Turkey Rejects Iran's Gas Proposal
While Iran is attempting to boost its gas exports in coming years, two potential customers are in conflict with Iran while Iran's gas delivery to Iraq and Pakistan remains under question.
Iranian Oil Minister Bijan Namdar Zanganeh announced on 14 April that Tehran offered Ankara a doubling of Iranian natural gas imports for getting a discount in gas prices however Ankara rejected the offer.
On the same day, Oman’s Minister of Oil and Gas, Mohammed Al Rumhy, said that Tehran and Muscat have yet to agree on the route of a 260km underwater pipeline to carry Iranian gas to Oman.
“The first part is to agree on the route. Once we agree on the route we will move onto the second phase, which is the design of the pipeline itself,” said Al Rumhy.
Based on a preliminary deal signed between Iran and Oman in 2013, the two sides agreed to start necessary operations to start the exports in two years.
The volume of exports to be provided from Iran’s Kish gas field would be 10 billion cubic meters per year, equivalent to Iran's current gas delivery level to Turkey.
Turkey filed two complaints with the International Court of Arbitration accusing Iran of overcharging as well as citing the low quality and quantity of delivered gas. Minister Taner Yıldız said earlier that the court is set to issue its final verdict on the dispute in May.
Iran increased gas deliveries to Turkey by one billion cubic meters of gas per annum (bcm/a) during last year. Iran, Russia and Azerbaijan export about 10 bcm/a, 27 bcm/a and 6.6 bcm/a to Turkey respectively. Turkey purchases 1000 cubic meters of Iranian gas at $490, which is much higher than Russian gas (at $425) and Azerbaijani gas (at $335).

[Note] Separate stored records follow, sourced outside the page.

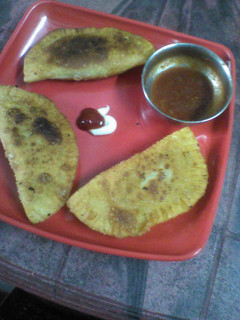 A picture of Paneer veg kachori.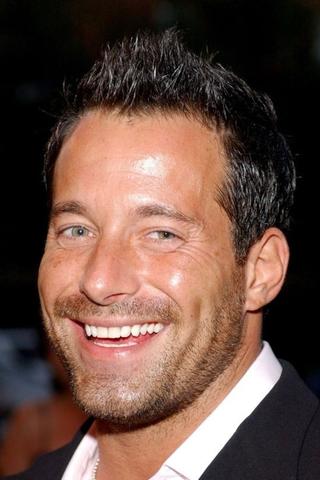 Johnny Messner pic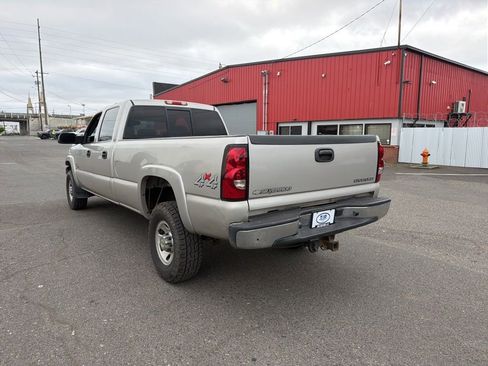 Used 2005 Chevrolet Silverado 3500 LS w/ Heavy-Duty Power Package image 3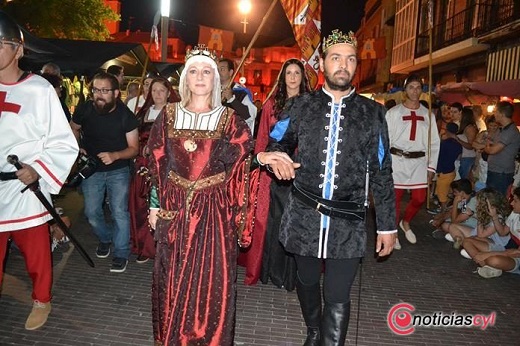 Desfile Semana Renacentista Feria Imperiales Comuneros de Medina del Campo
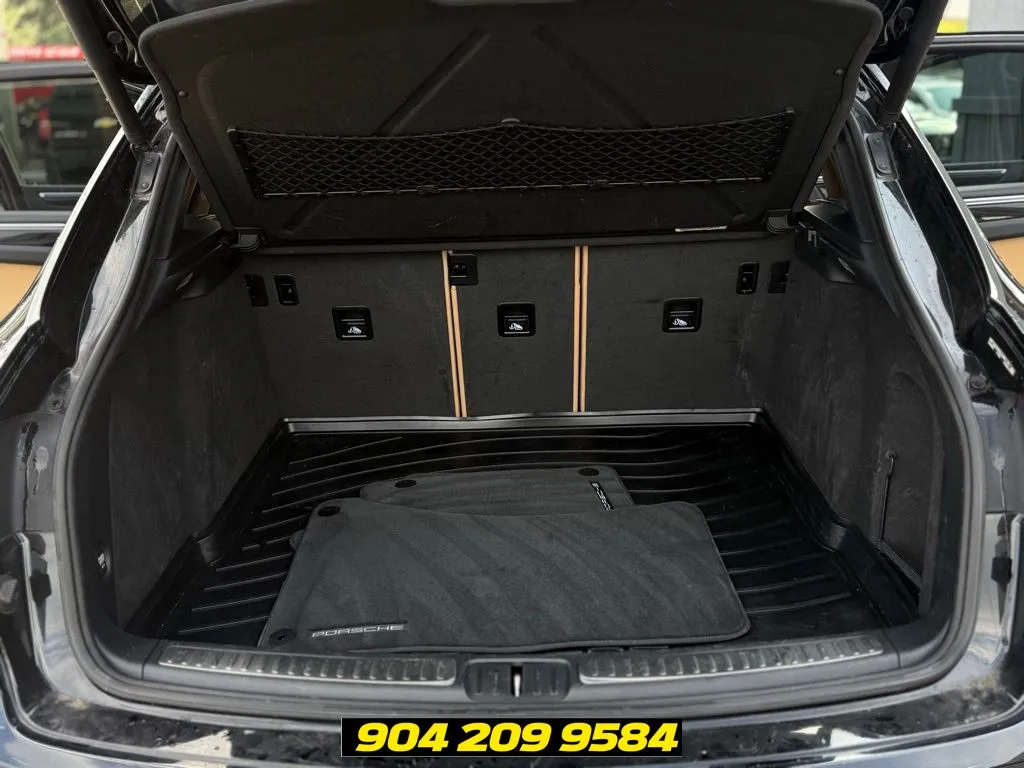 2018 Porsche Macan Base - Photo 26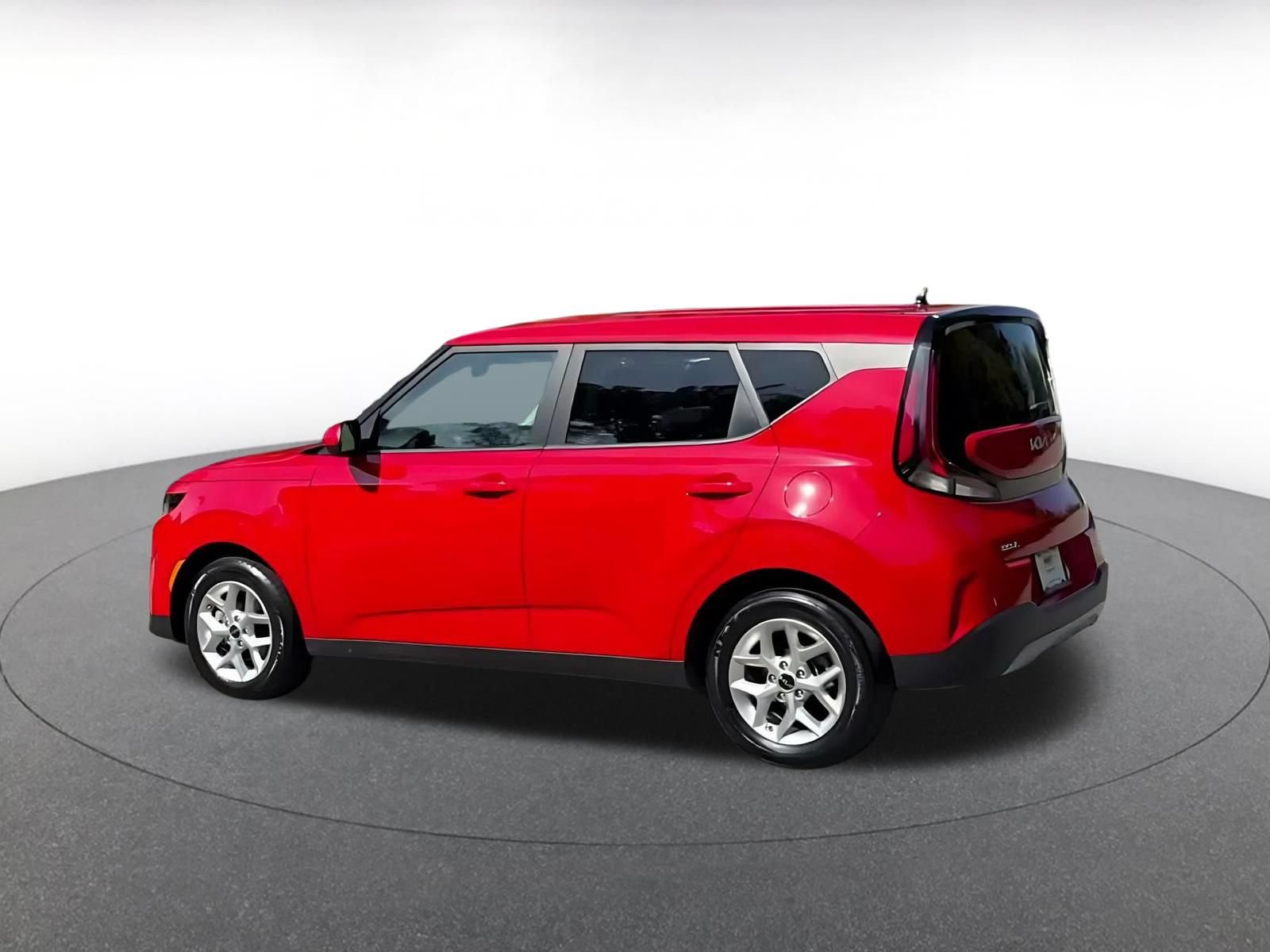 Used 2025 Kia Soul LX w/ LX Technology Package FWD image 9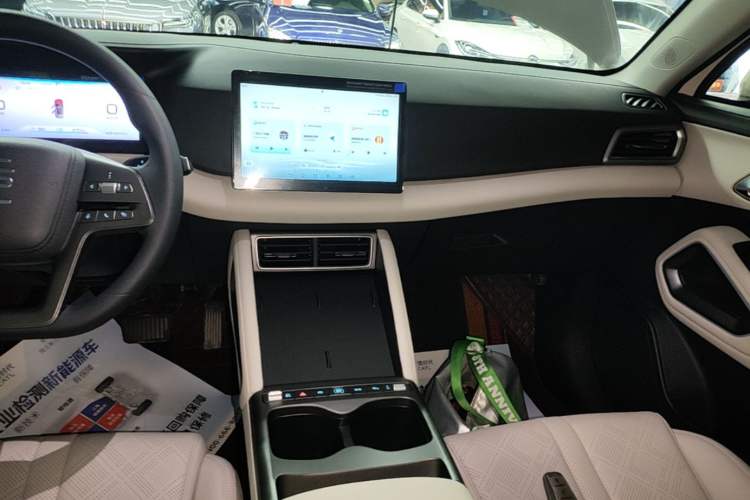 Used BYD Yuan UP 2025 Model 301KM Leading Version Audio And AC Panel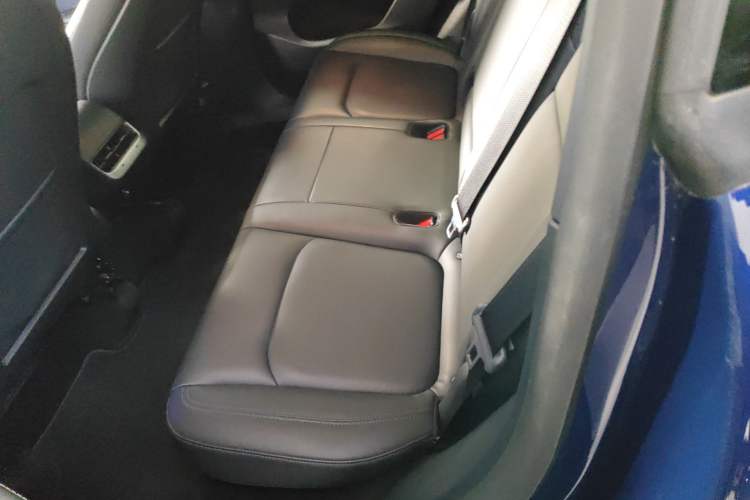 Used Tesla Model Y 2021 Long-Range All-Wheel-Drive Version
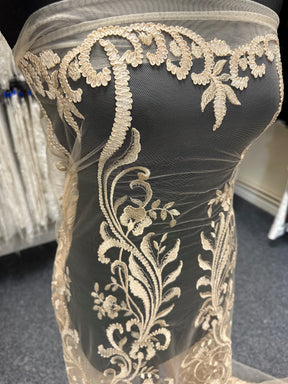 Dentelle Brodée Champagne - Dinah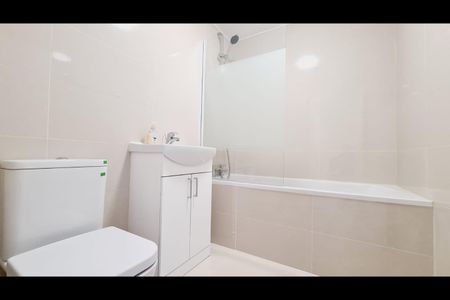 2 Bed Flat, Streatham Vale, SW16 - Photo 5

Zanganeh said that the International Court verdict about Turkey's claim on the gas quality-quantity was in favor of Iran, but the release of the second verdict is expected in two months.
Regarding Turkey's demand of at discount, Zanganeh said that Iran offered to double gas delivery to Turkey instead of a discount, but Ankara rejected.
Iran also postponed delivering natural gas to Iraq in restricted volume, which was scheduled to start in mid-March 2015. Iran says delivering 4 to 5 mcm/d of gas to Iraq will start next month, but for fulfilling the 25 mcm/d gas delivery agreement, it needs the new pipeline be completed from Iran's South Pars gas fields to Iraqi Kurdistan region's borders with Iran. Iran should complete the 6 th cross-country gas pipeline to export South pars gas to Iraq. The first and second sections of this pipeline totalling 611 km in length have been completed and 600 km of piping is to reach Iraqi borders.
The capacity of a 6th cross-country pipeline, projected to cost over $2 billion, will transfer 110 mcm/d of gas to Iraq, Syria, Lebanon and Europe.
Iran also had an agreement with Pakistan to start delivering the natural gas in January 2015, but the construction of pipeline hasn't started in Pakistani territory yet.